Nearly two years since that tumultuous introduction to the national political scene, Palin seems to have done quite well solidifying her role as a potent force within the Republican Party even as she was craftily packaging and selling the “Palin Brand.”
Granted that there had been a bit of controversy along the way (the appalling interviews that showcased her as a bumbling, moronic airhead; the divisive, strident tenor of her oratory; the in-fighting with her handlers and senior McCain advisers; the RNC wardrobe scandal; her family values as they relate to her daughter’s pregnancy and relationship with erstwhile boyfriend; the Alaskan ethics investigations; and her abrupt resignation as the governor of Alaska nearly two years before the expiration of her term), it all seems to, in a perverted, perplexing way, have contributed to both her mystique and appeal.

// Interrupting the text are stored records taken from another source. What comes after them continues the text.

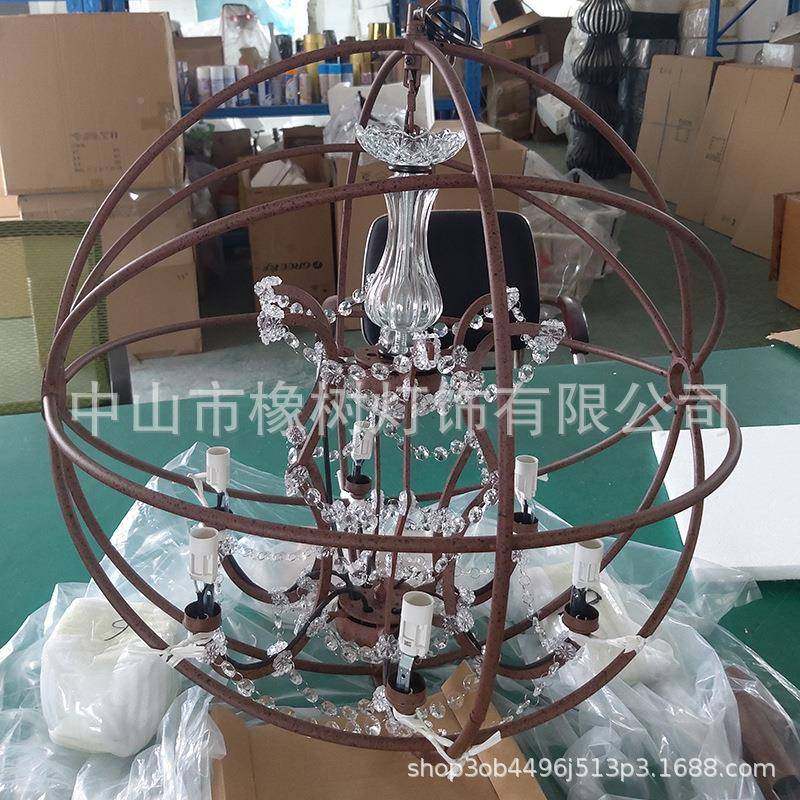 铁艺球仪地厅灯工业风晶餐吊灯锈色客668厅吊灯亚马逊ebay美式水,家装灯饰光源,智能吊灯,淘宝优惠券,粉丝福利购,淘宝优惠卷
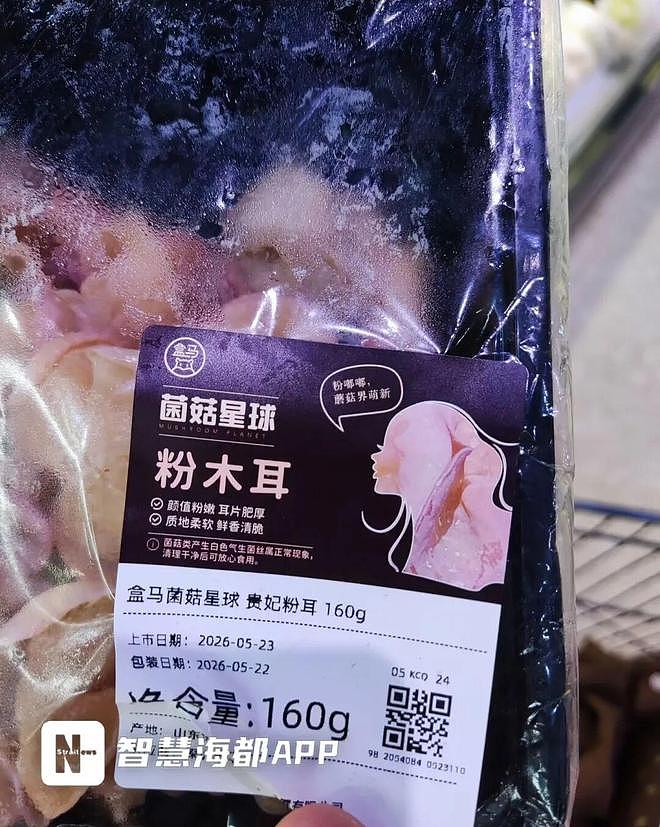 刚刚 | 盒马道歉:全部下架!(组图) - 2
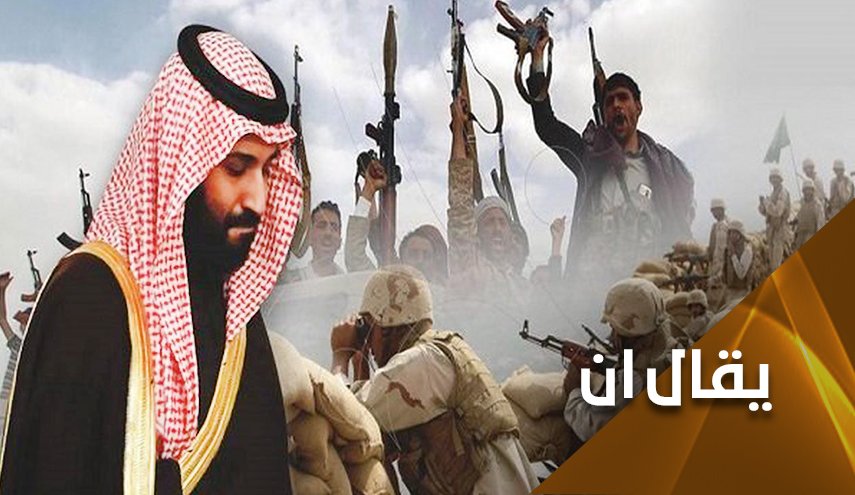 أمريكا تخضع لـ ’أنصار الله’.. صفعة جديدة بوجه السعودية ومرتزقتها..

It is incontestable that Palin has a commanding presence today in Republican politics. Her more ardent followers view her as impregnable and many come out in throngs to hear her speak. Her Republican rivals admire her popularity and fund-raising abilities but privately scoff at her depthlessness and general naivety. They remain largely bamboozled by her meteoric rise and mystifying approbation.
Financially, Palin appears to have no scruples cashing in. She netted over $9 million dollars in 2009 from her autobiographical work Going Rogue: An American Life which quickly became a New York Times #1 bestseller. She is now one of a few highly sought out speakers on the circuit; commanding a hefty six-figure fee and a retinue of eye-popping perks. There have also been several cameo apperances on news network shows and she recently struck a deal to host her very own cable tv show!

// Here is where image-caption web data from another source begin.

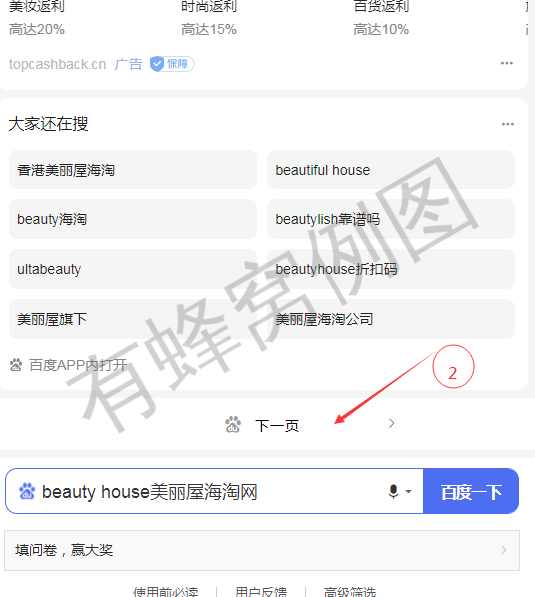 点击 搜索 知名app 钉子谋道的任务 步骤图2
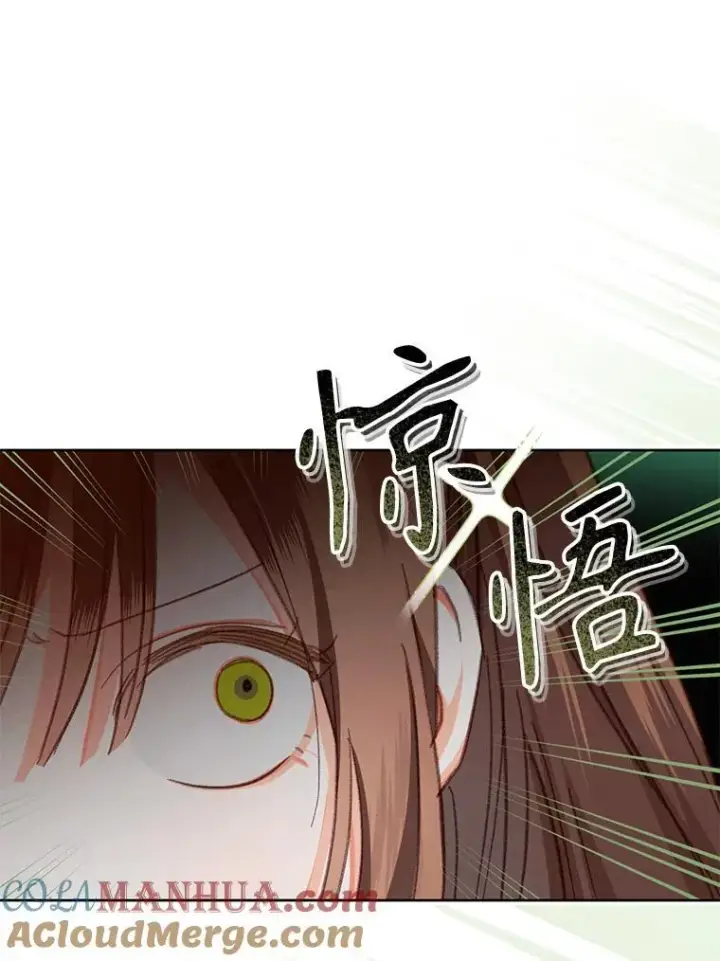 《在恐怖游戏中作为女仆活下去》4.龃龉生隙图53
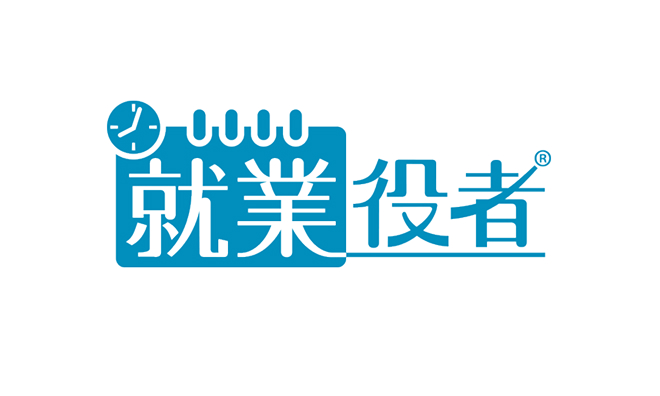 “働き方改革”の実現へつなげる勤怠・作業管理システム「就業役者®」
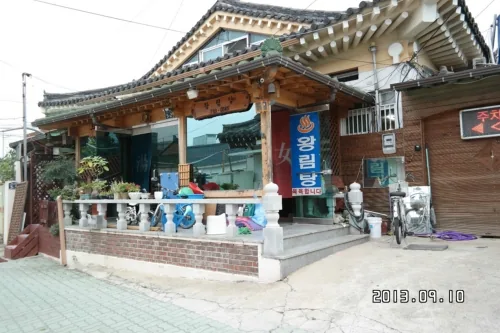 왕림탕 사진
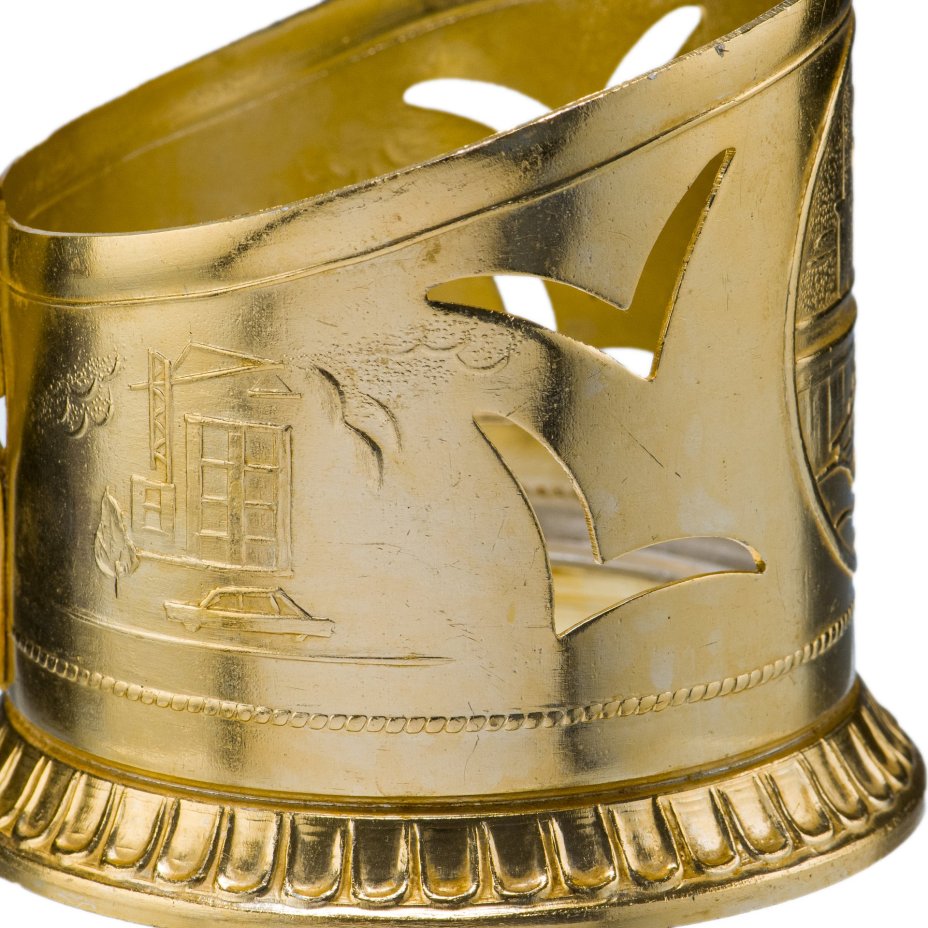 Подстаканник "город Горький", алюминий, Казаковский завод художественных изделий, СССР, 1960-1970 гг.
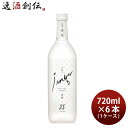 瑞鷹 醇雅(米) 720ml × 1ケース / 6本 米焼酎 28度 お酒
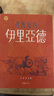 荷馬史詩(shī) 伊里亞德 港臺原版 荷馬 書(shū)林出版 曬單實(shí)拍圖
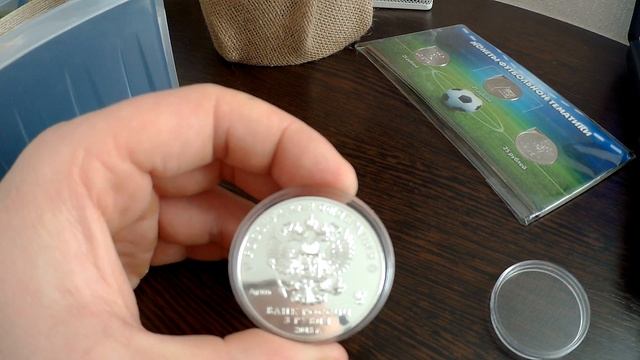 3 рубля от сбербанка! смотреть онлайн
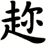 趂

But politically, Palin’s modishness does not seem to have translated into any bankable political windfall for the Republican Party.
To the contrary, a good case could be made that the McCain-Palin ticket lost the 2008 presidential elections so woefully primarily because it became all about Palin and her baggage; symbols quickly supplanted substance. As the campaign wore-on, the Republican message became more Palinesque: emotive, divisive and vituperative. It appealed more and more to the easily excitable, vociferous but increasingly shrinking far right-wing of the party and less and less to the larger base; not to mention the independents who hitherto, staunchly supported McCain.

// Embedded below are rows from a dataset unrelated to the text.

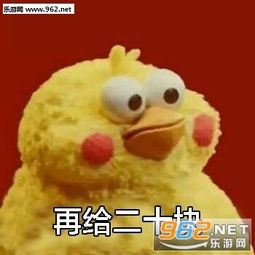 给我十块钱再给二十块表情图片过年要钱表情包下载乐游网游戏下载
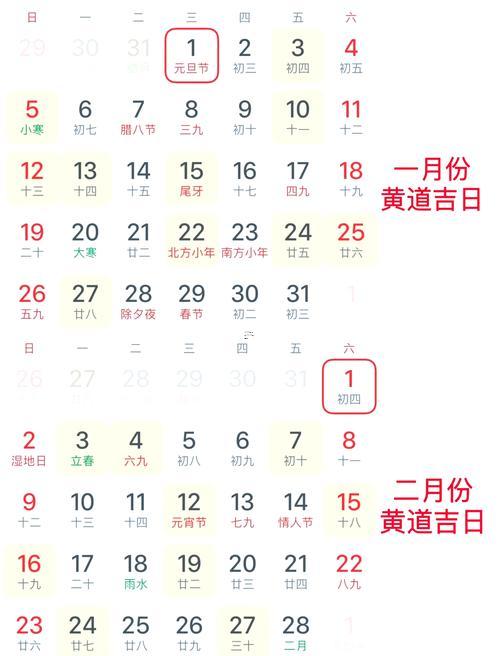 5月吉日大全2025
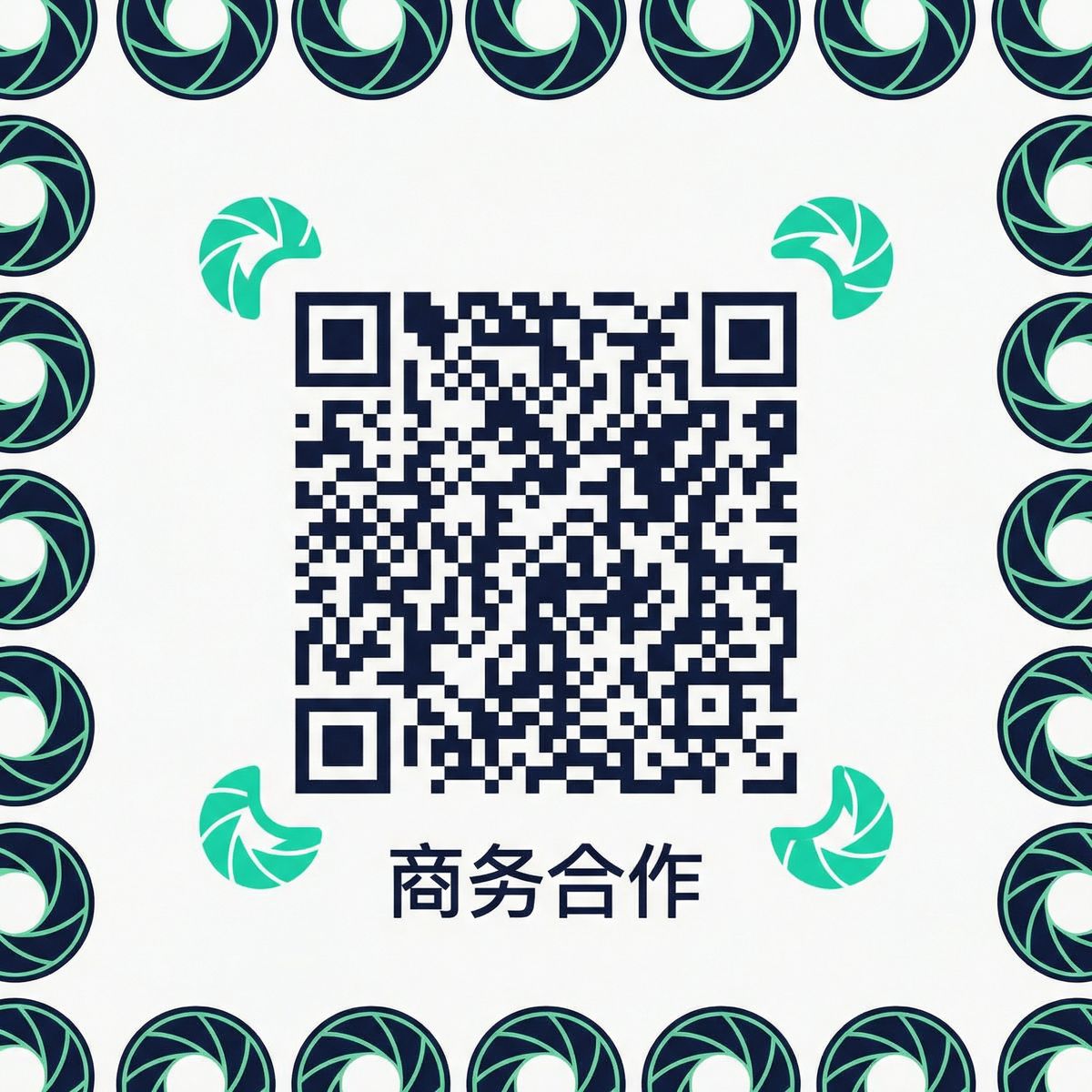 妻社 - 商务合作二维码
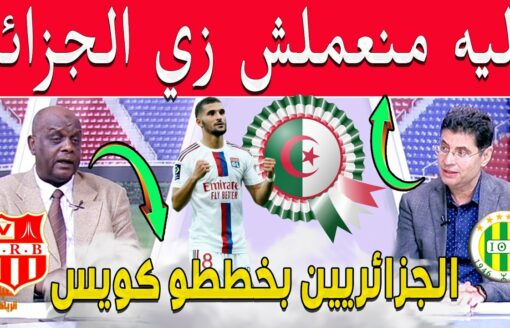 طارق رضوان ليه منعملش زي الجزائر .. ومحلل مصري  الجزائريين بخططو كويس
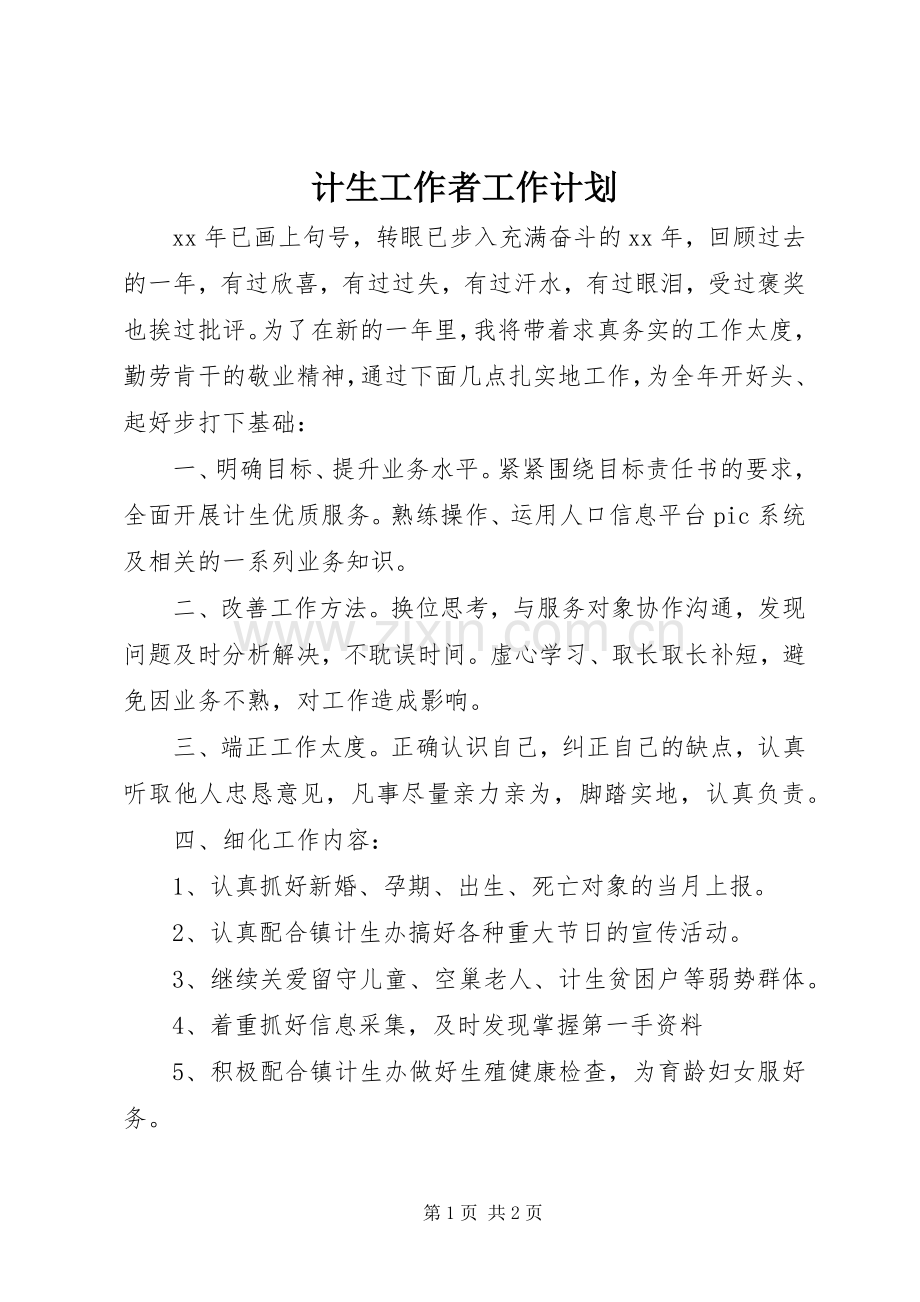 计生工作者工作计划.docx_第1页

It is widely known that Palin is bereft of ideas. Beyond capitalizing on her new-found star power, castigating other people’s policies, and rehashing worn conservative dogmas, she simply has nothing to offer by way of a coherent series of viewpoints on governance or the role of government in civil society.
Now, flash forward to 2010 and Palin’s new support base, the Tea Party. Since jumping into the fray, the overall temperature of the exchanges has been amped to levels that even the most callow and ingenuous among us find distressing. Civility has been tossed to the dogs.
Like the unbequiled maestro, Palin is masterfully stoking the fallacious fears of dewy, puerile Tea Party rally attendees. Labels are being recklessly tossed around; the character and patriotism of ordinary Americans whose only crime is having the odacity to nurse an opposing political view are being impugned in ways dreadfully reminiscent of the McCarthy era. The potential for violence from this extremist, gun-totting cadre of Palin supporters appear quite heightened.
Although a few Republican strategists have publicly denounced Palin’s tactics, the RNC appears to be lockstep with her in the present dispensation. The Tea Party agenda, to all intents and purposes, now parallel the Republican manifesto.
But isn’t it sheer political fatalism for Republicans to hitch their wagon on Palin? What can they accomplish this time with her that they couldn’t pull off in ’08?
Conventional political wisdom stipulates that elections are won at the center and not the fringes. Palin has made her staple appealing to the far-right, ultra-conservative, extremist wing of the Republican Party in ways that infuriate and alienate the great silent majority. Interestingly, the degree to which she is sucessful whipping this section of the party into a frenzied state of delirium is inversely the degree to which the party is bound to lose the independent vote and consequently a crack at control in Washington.